- **Requirement**
Print a faithful copy of the data below, word for word, with the pictures left out.

- **The data**

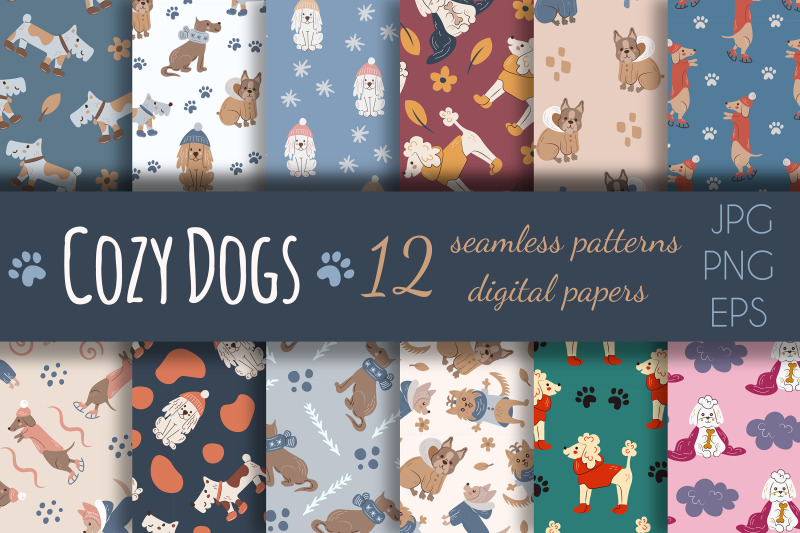 cozy-dogs-digital-papers-seamless-patterns-set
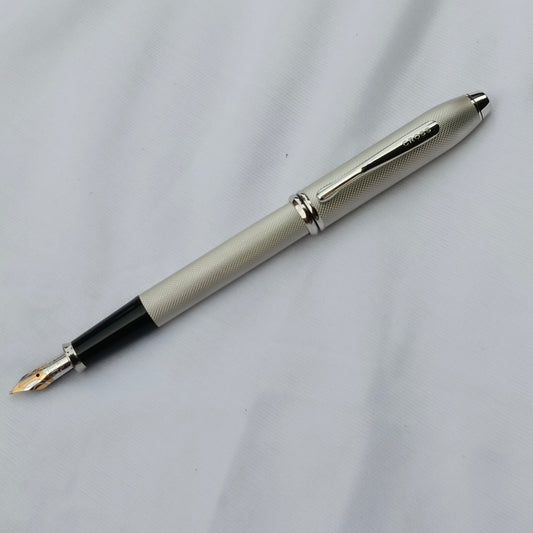 Cross Special Edition Brushed Platinum Plated Fountain Pen 18K Gold nib
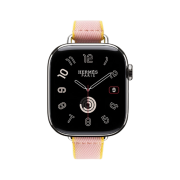 Apple Watch Hermes Series 11 42mm Titanium Case with Twill Jump Attelage Single Tour Rose Sakura Jaune De Naple (Korean Ver.)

- **Answer area**
 cozy-dogs-digital-papers-seamless-patterns-set
 Cross Special Edition Brushed Platinum Plated Fountain Pen 18K Gold nib
 Apple Watch Hermes Series 11 42mm Titanium Case with Twill Jump Attelage Single Tour Rose Sakura Jaune De Naple (Korean Ver.)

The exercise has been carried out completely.